* Activity: Once the line with "3 bed, 1.5 bath, $3,500 — Photo 3" has been located in the records below, set down that line and all subsequent lines exactly, omitting the pictures.

* Data excerpts:
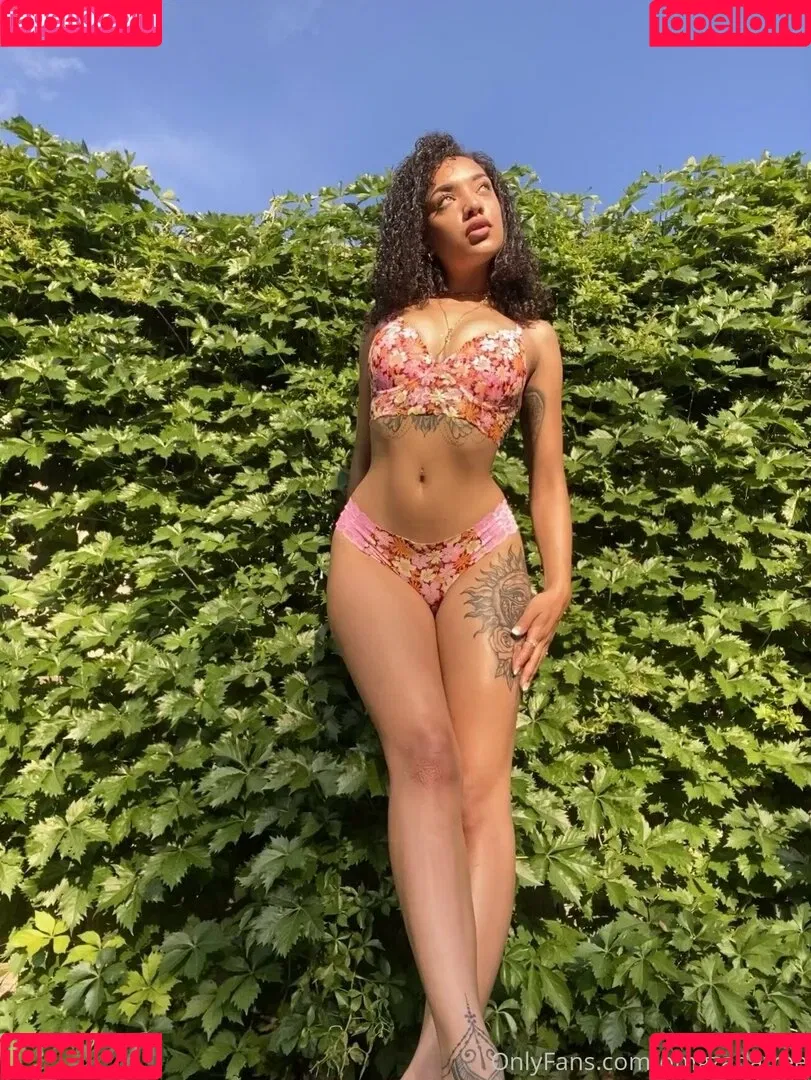 omgzadafree Onlyfans Photo Gallery 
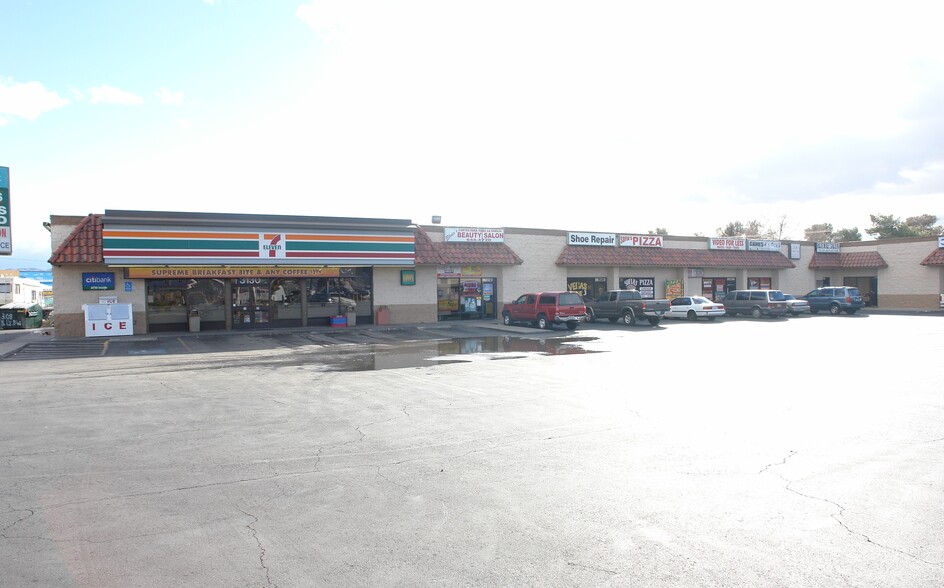 3104-3130 N Las Vegas Blvd, Las Vegas, NV for lease - Building Photo - Image 1 of 10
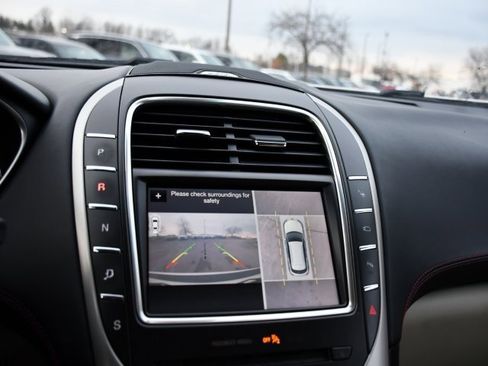 Used 2017 Lincoln MKX Black Label w/ Driver Assistance Package image 16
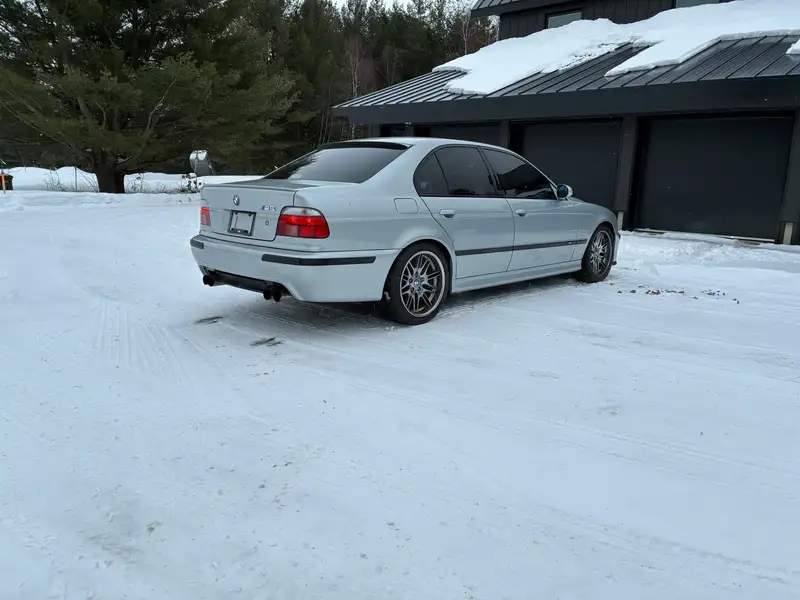2000 BMW M5 E39, stříbrná, 89 000 km, dovoz Kanada — foto 4 z 12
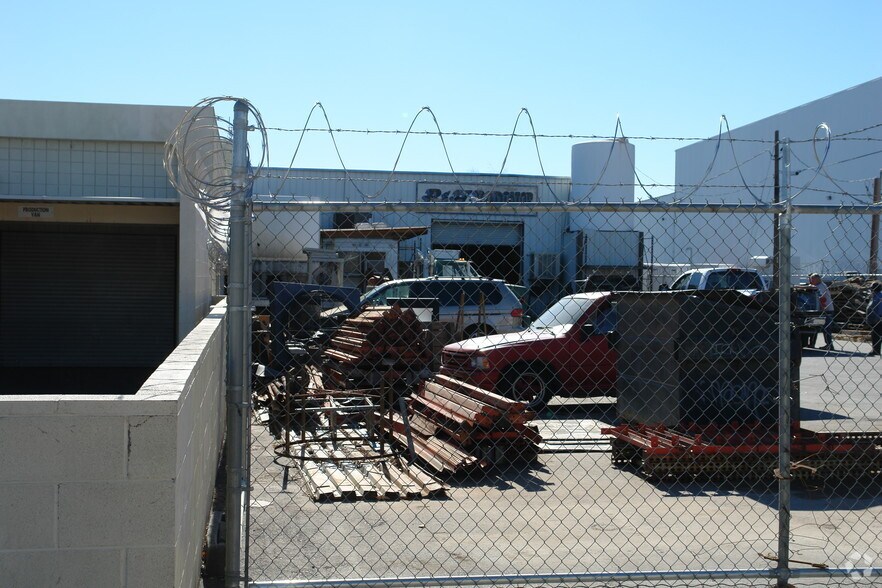 More Photos Of 1400 Foremaster Ln, Las Vegas Distribution For Sale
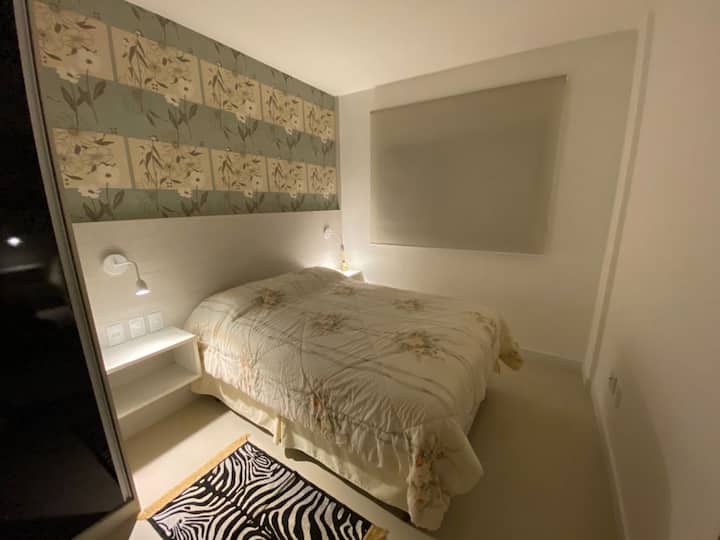 апартамент със завеса и затворен прозорец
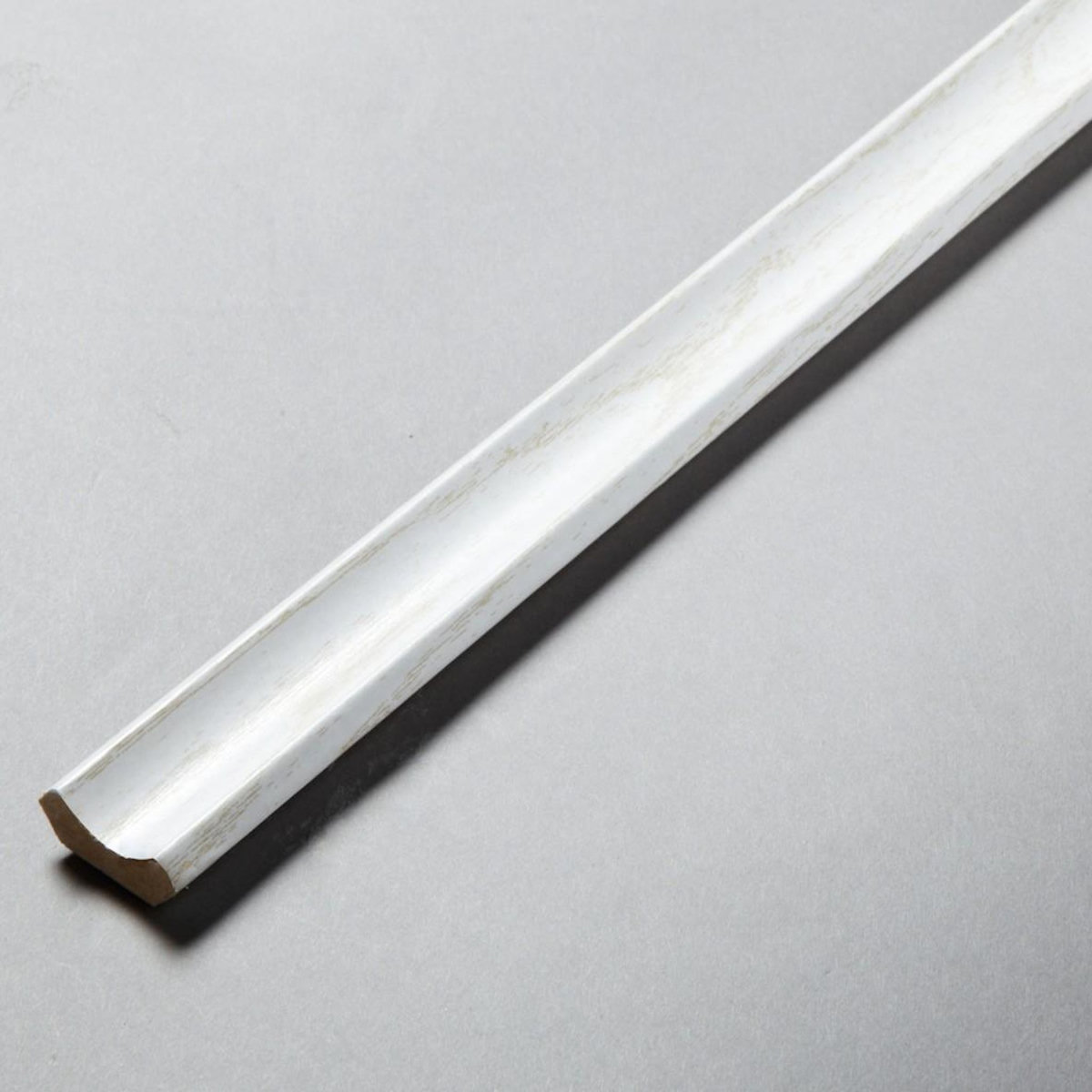 CENTRALE BRICO Corniche pour lambris revêtu 2.2 x 2.2 cm, l. 2.6 m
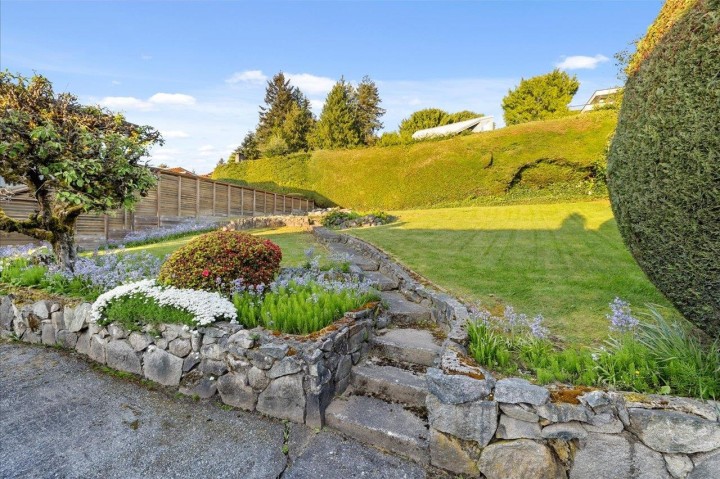 Photo 32 at 982 Braeside Street, Sentinel Hill, West Vancouver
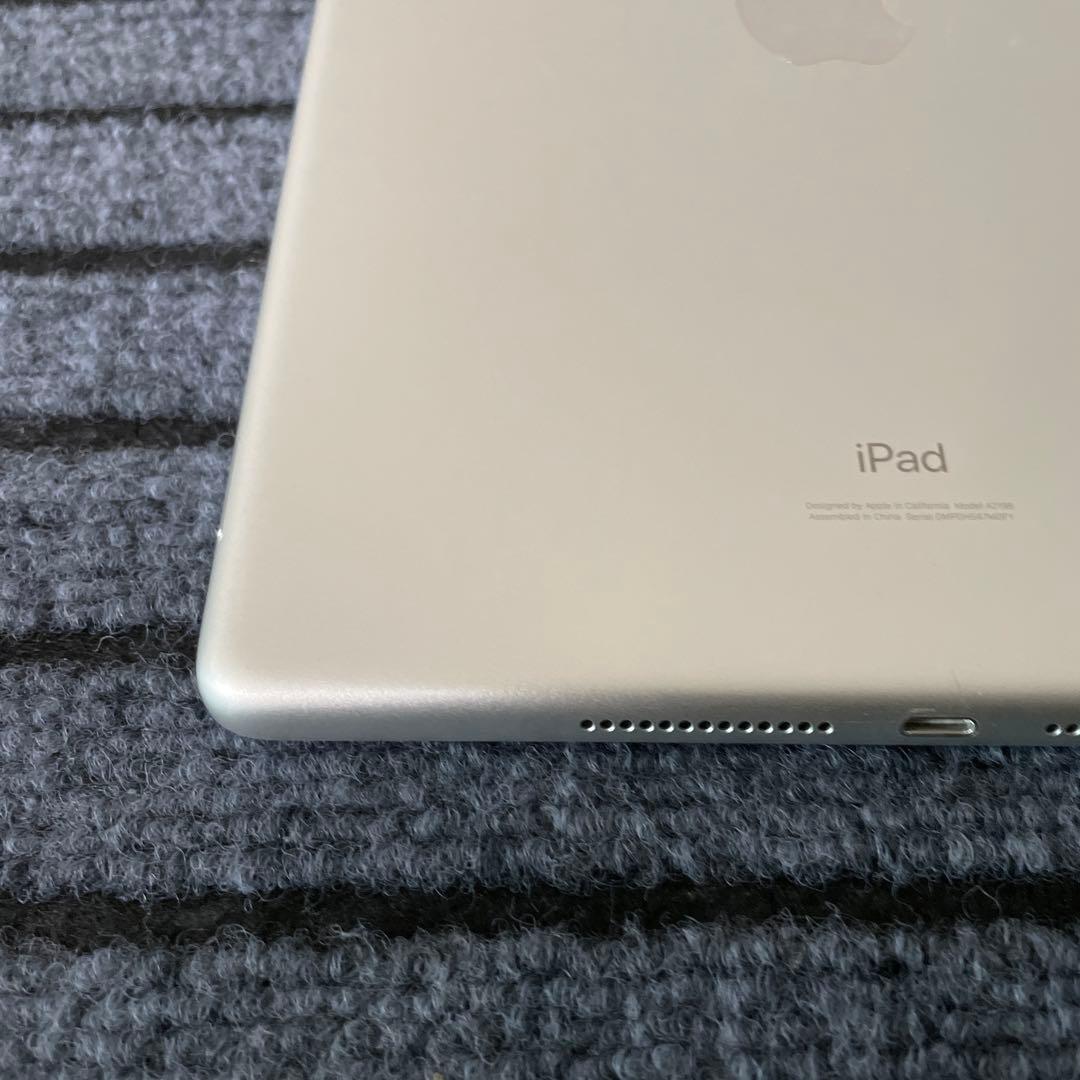 5 iPad 7世代 128GB SIMフリー シルバー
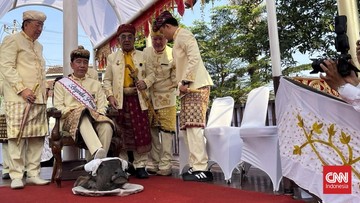Budayawan Lampung Urai Makna Prosesi Injak Kepala Kerbau yang Dijalani Jokowi
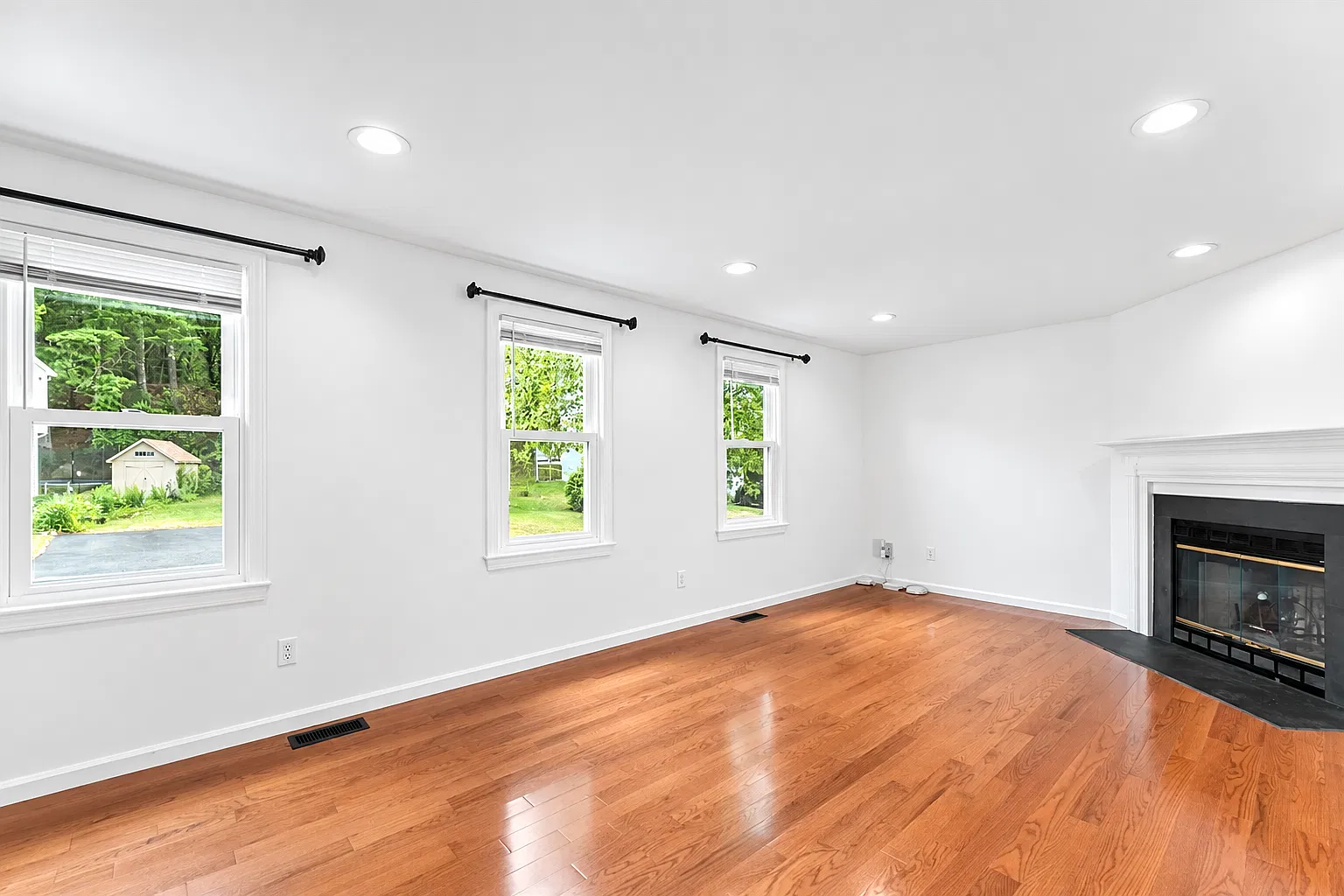 3 bed, 1.5 bath, $3,500 — Photo 3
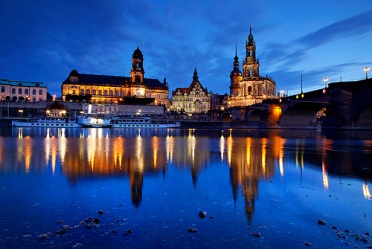 Dresden Stadtsilhouette Und Blaue Stunde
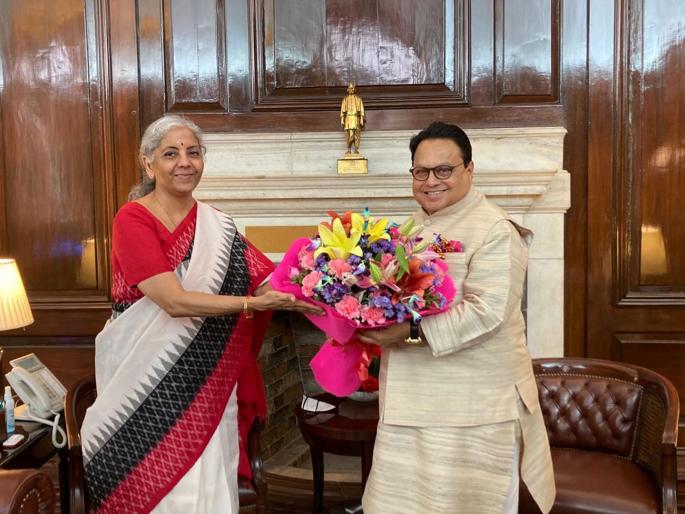 vijay darda meets finance minister nirmala sitharaman and praise country financial management | विजय दर्डा यांनी घेतली अर्थमंत्र्यांची भेट; देशाच्या वित्तीय व्यवस्थापनाची केली प्रशंसा vijay darda meets finance minister nirmala sitharaman and praise country financial management | विजय दर्डा यांनी घेतली अर्थमंत्र्यांची भेट; देशाच्या वित्तीय व्यवस्थापनाची केली प्रशंसा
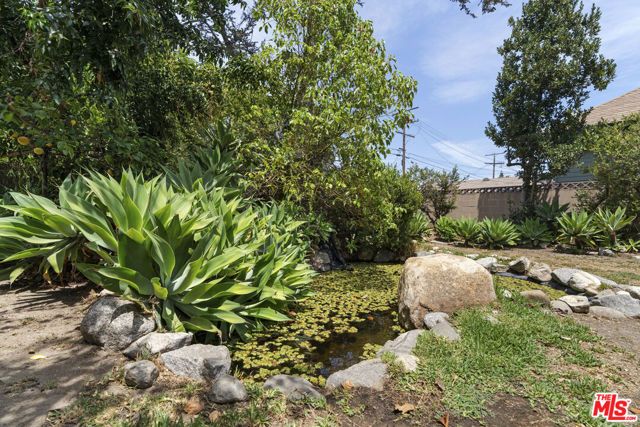 2093 W 28th Street, Los Angeles, CA 90018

* Task result:
 3 bed, 1.5 bath, $3,500 — Photo 3
 Dresden Stadtsilhouette Und Blaue Stunde
 vijay darda meets finance minister nirmala sitharaman and praise country financial management | विजय दर्डा यांनी घेतली अर्थमंत्र्यांची भेट; देशाच्या वित्तीय व्यवस्थापनाची केली प्रशंसा vijay darda meets finance minister nirmala sitharaman and praise country financial management | विजय दर्डा यांनी घेतली अर्थमंत्र्यांची भेट; देशाच्या वित्तीय व्यवस्थापनाची केली प्रशंसा
 2093 W 28th Street, Los Angeles, CA 90018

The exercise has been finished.